Secure XGBoost builds upon the Open Enclave SDK – an open source SDK that provides a single unified abstraction across different enclave technologies. The use of Open Enclave enables our library to be compatible with many different enclave backends, such as Intel SGX and OP-TEE.

Mitigating side-channel attacks#

On top of the enclaves, Secure XGBoost adds a second layer of security that additionally protects the data and computation against a large class of attacks on enclaves.

Researchers have shown that attackers may be able to learn sensitive information about the data within SGX enclaves by leveraging auxiliary sources of leakage (or “side-channels”), even though they can’t directly observe the data. Memory access patterns are an example of such a side-channel.

In Secure XGBoost, we design and implement data-oblivious algorithms for model training and inference. At a high level, our algorithms produce an identical sequence of memory accesses, regardless of the input data. As a result, the memory access patterns reveal no information about the underlying data to the attacker.

However, the extra security comes at the cost of performance. If such attacks fall outside the users’ threat model, then they can disable this extra protection if they wish.

System Architecture#

A deployment of Secure XGBoost consist of the following entities: (i) multiple data owners (or clients) who wish to collaboratively train a model on their individual data; and (ii) an untrusted cloud service that hosts the Secure XGBoost platform within a cluster of enclave machines, along with an orchestrator service outside the enclaves to mediate communication.

Architecture
  • Clients. A client refers to a data owner that participates in the collaborative learning process along with other clients. The clients collectively execute the computation pipeline on the Secure XGBoost platform by remotely invoking its APIs.

  • Cloud service with enclaves. The cloud service consists of a cluster of virtual machines, each hosting Secure XGBoost inside a hardware enclave. During training and inference, Secure XGBoost distributes the computation across the cluster of enclaves. Enclaves communicate with each other over TLS channels that begin and end inside the enclaves. The cloud also hosts an untrusted orchestrator service. The orchestrator mediates communication between clients and the Secure XGBoost platform deployed within enclaves.

Workflow#

The clients each upload their encrypted data to the cloud service, and then collectively invoke the Secure XGBoost API to process their data. An end-to-end example workflow is as follows:

Workflow
  1. Clients attest the enclaves on the cloud (via the enclave’s remote attestation procedure) to verify that the expected Secure XGBoost code has been securely loaded within each enclave. As part of the attestation, they receive a public key pk from the enclaves. Each client generates a symmetric key k_i, encrypts it using pk, and sends it to Secure XGBoost.

  2. Clients upload their encrypted data to cloud storage. Each client C_i encrypts its data with their symmetric key k_i and uploads it to cloud storage.

  3. The clients collectively orchestrate data processing. The clients agree on a predetermined sequence of commands (a command is an XGBoost API call) that will be jointly executed on their data:

    • Each client submits a signed command to the orchestrator, which relays it to Secure XGBoost.

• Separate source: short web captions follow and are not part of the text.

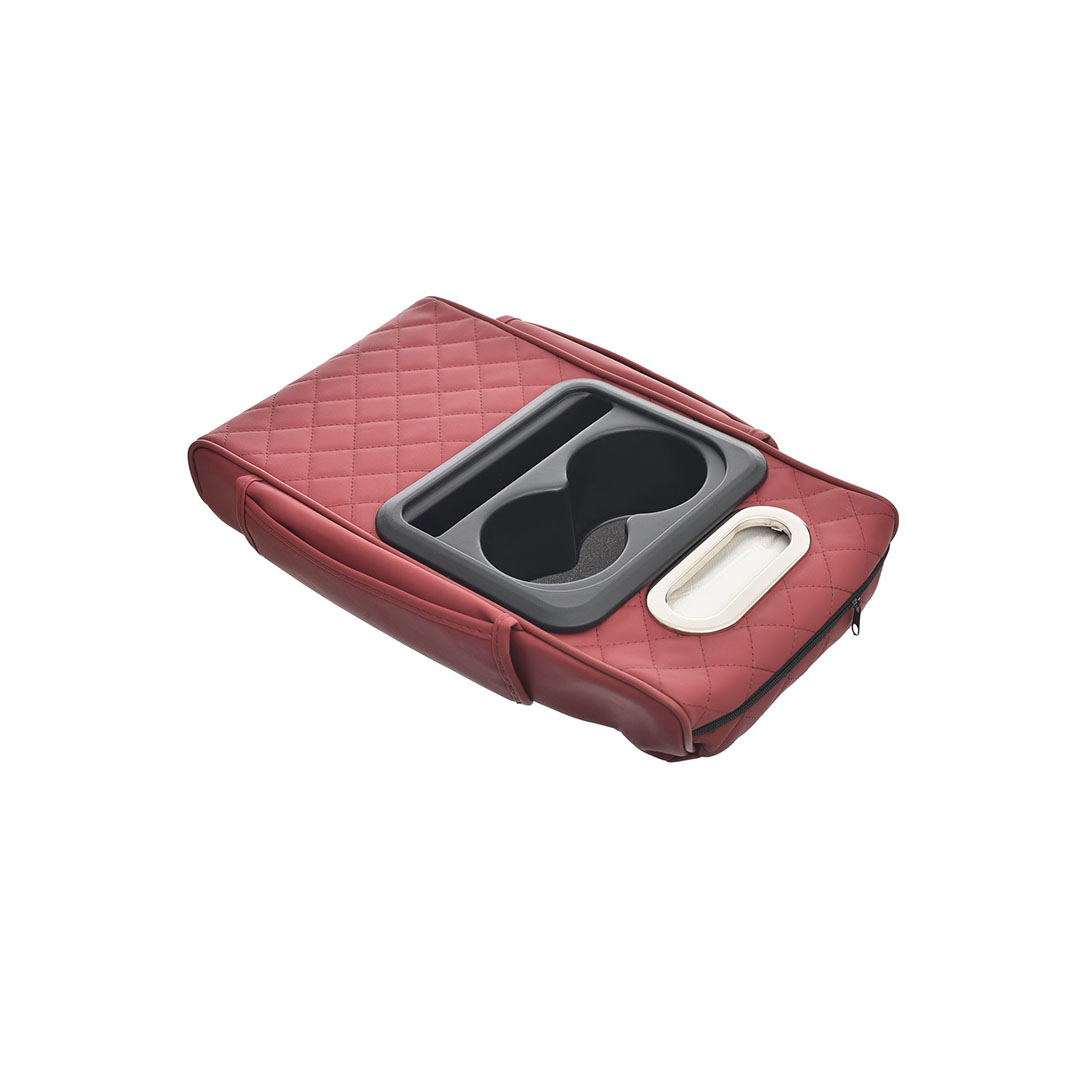 غطاء متعدد الوظائف لوحدة التحكم المركزية للسيارة مع وسادة مريحة - وحامل أكواب - وعلبة مناديل - وجيوب جانبية لدعم مسند الذراع - أحمر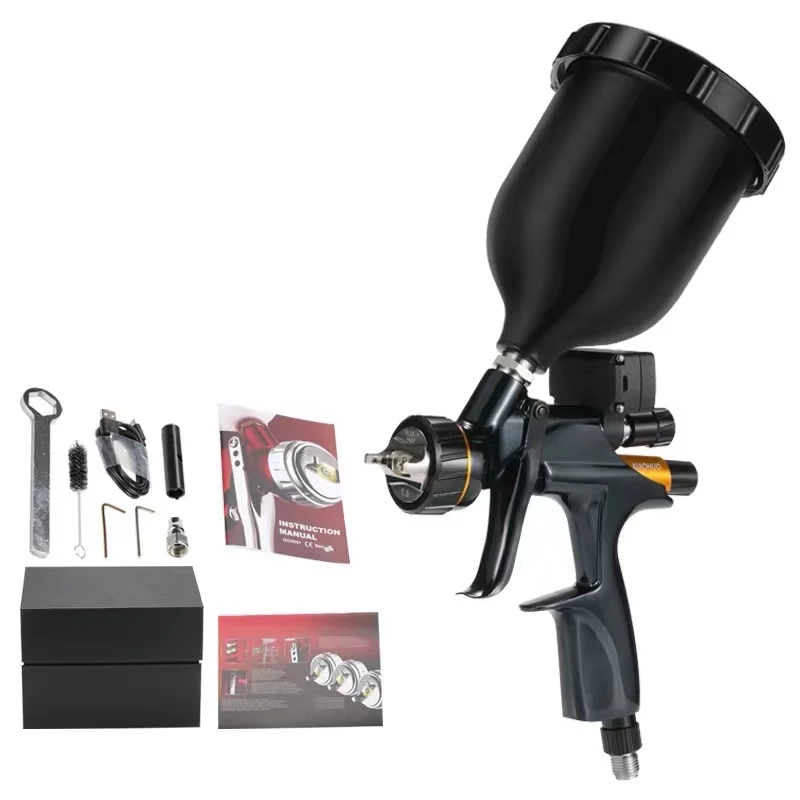 704521 Clearcoat Gun w/ Digital Gauge Replaces 704520 New Model 600ml cup1.3 tip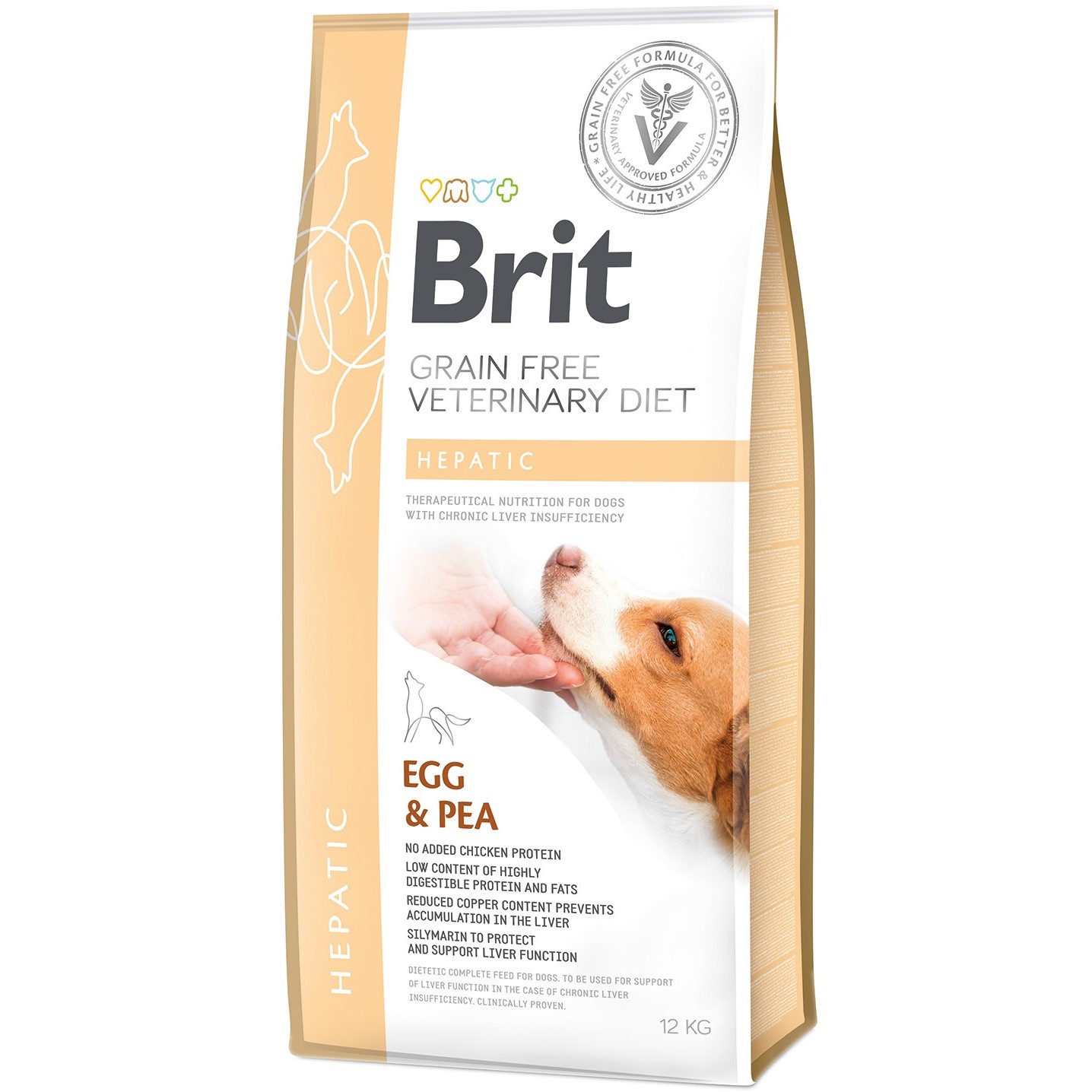 Сухий корм для дорослих собак Brit VetDiets Grain Free Hepatic при хворобі печінки з яйцем, горохом, бататом та гречкою 12 кг - фото 1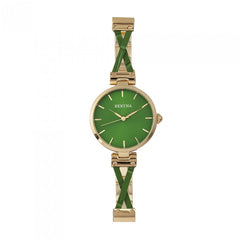 Bertha Amanda Criss-Cross Bracelet Watch - Gold/Green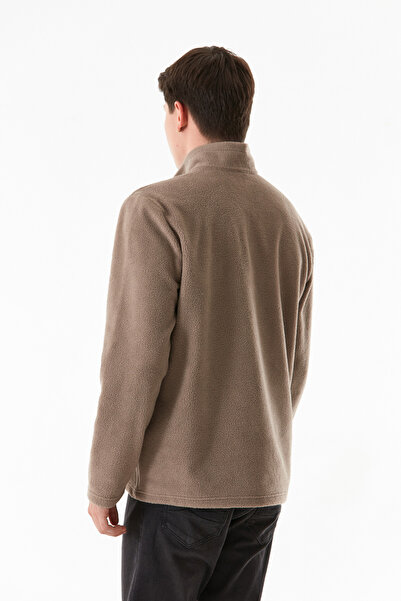 Fulla Moda Φούτερ από φλις γιακά με μισό φερμουάρ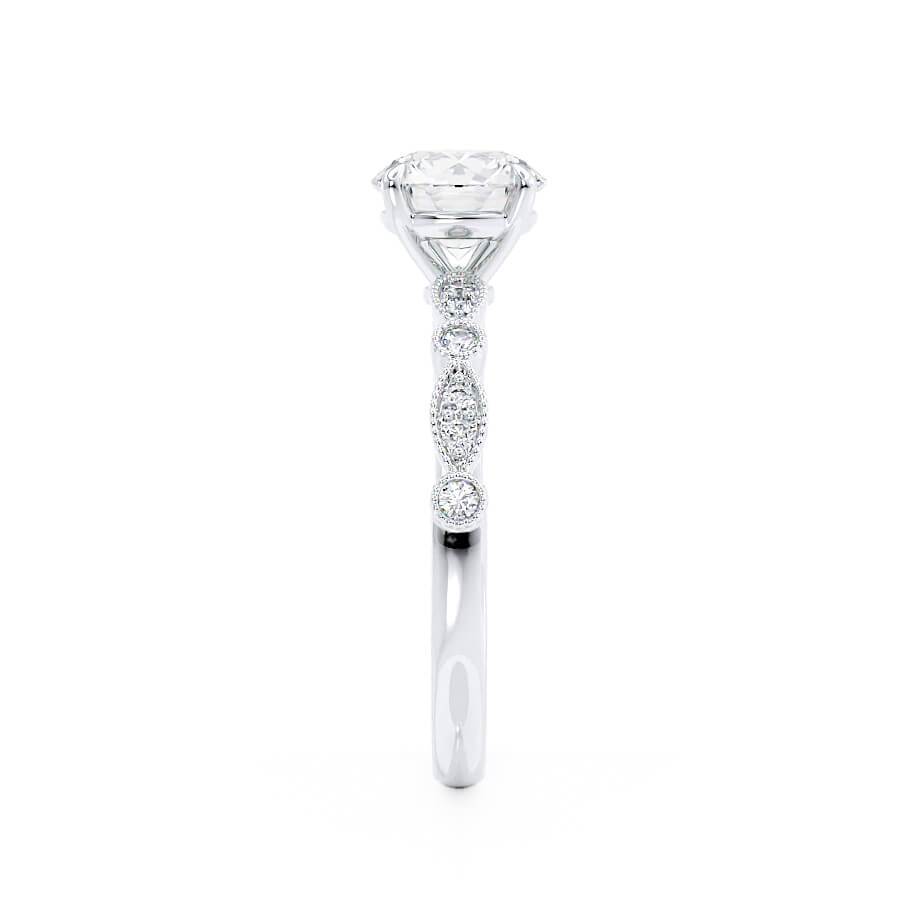 1.0 CT Round Shaped Moissanite Solitaire Pave Setting Engagement Ring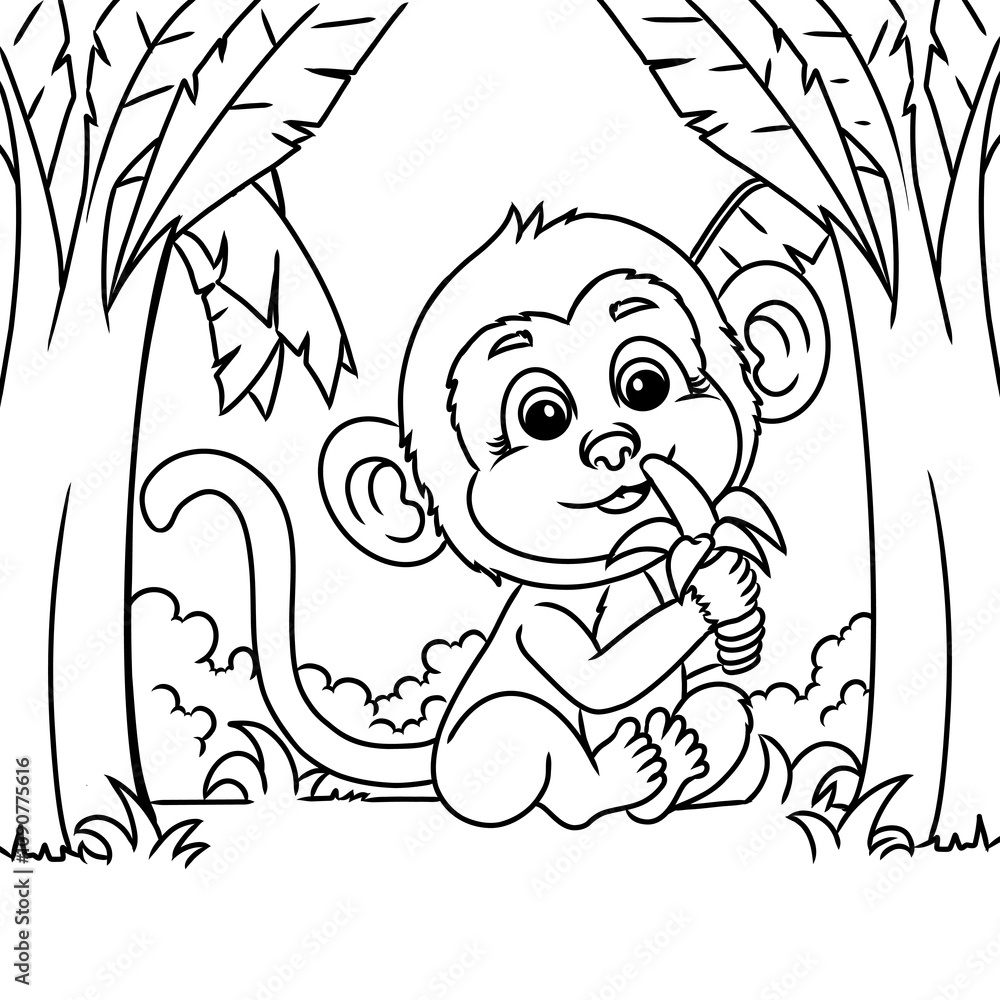 Obraz premium coloring page Monkey with banana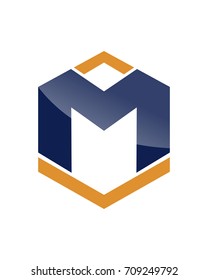 m inital, logo template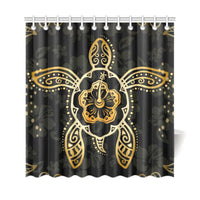 Turtle Hibiscus Yellow Shower Curtain - Polynesian Pride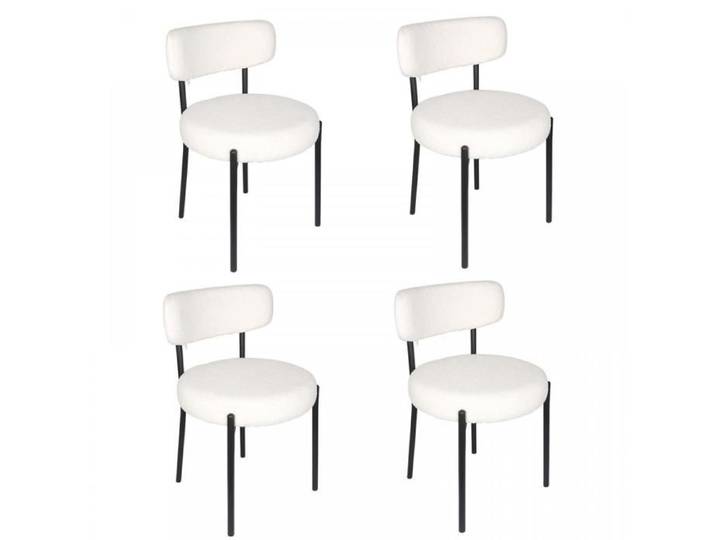 Lot de 4 chaises de salle à manger en peluche-Dossier incurvé-Chaises de cuisine en peluche en laine motif ours en peluche-XJING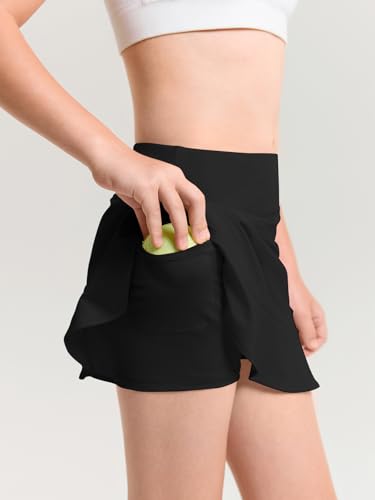Haloumoning Girls Athletic Tennis Golf Skirts with Shorts Kids High Waist Ruffle A-line Skorts with Pockets 5-14 Years3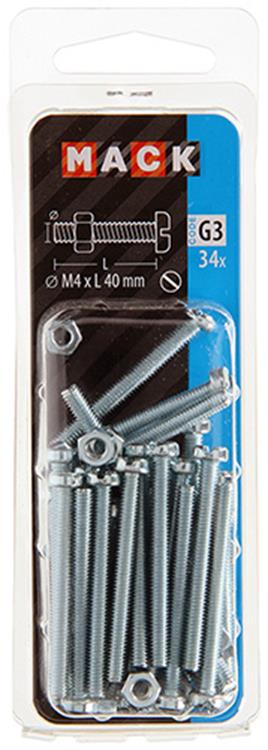 Load image into Gallery viewer, Mack 1018093 - metaalschroef cyl. kop + moer verz. 34 st m4 x 40 mm | 5 stuks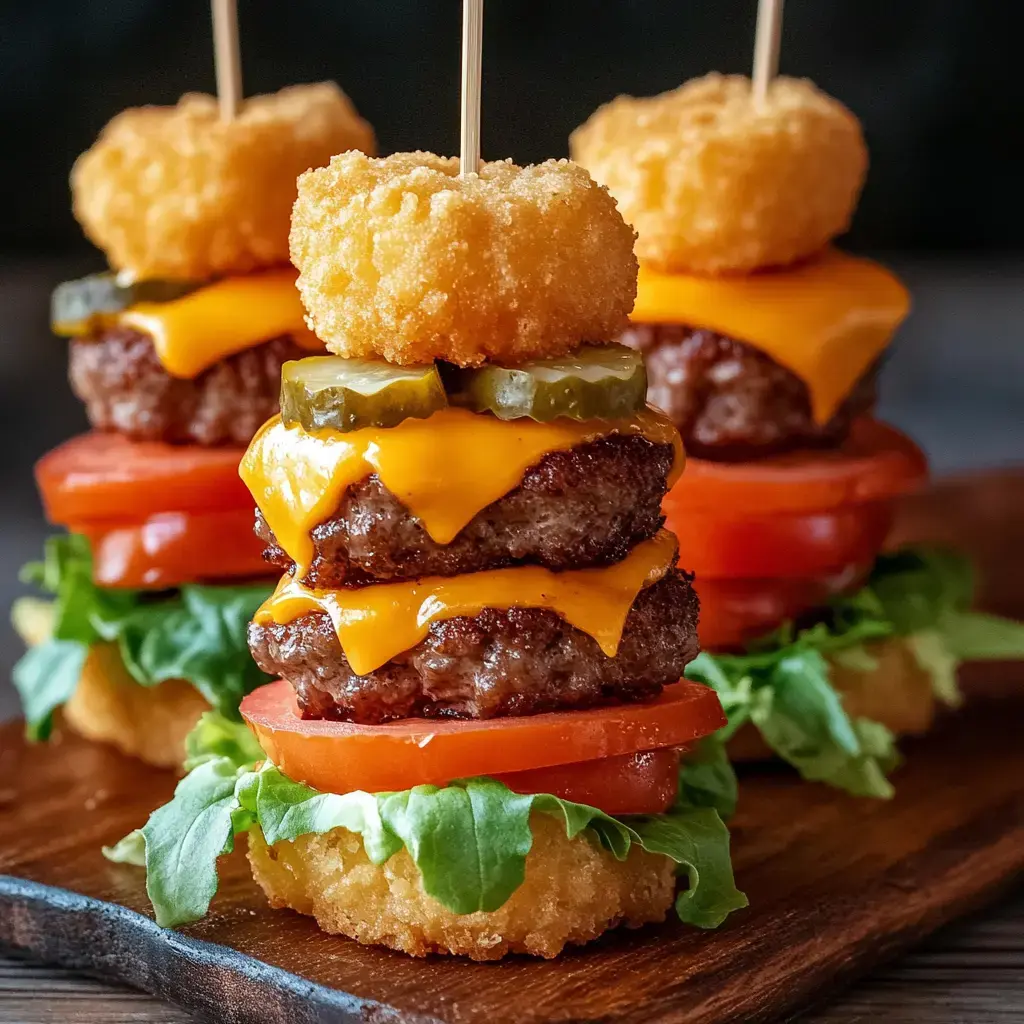 Three towering mini burger stacks with crispy bits, pickles, patties, cheese, and veggies all stacked on a wooden platter.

Secure XGBoost authenticates the signatures, and then executes the command.

    • The results of the command (e.g., an encrypted trained model, or encrypted prediction results) are returned to the orchestrator, which relays them to the clients.

    The process continues until all the commands have been executed.

User API#

From a user’s perspective, all of the complexities of the workflow above are abstracted away in the library, and using the library is very simple. For the most part, Secure XGBoost preserves the API exposed by regular XGBoost, requiring only minimal additions to work in the multiparty setting with enclaves.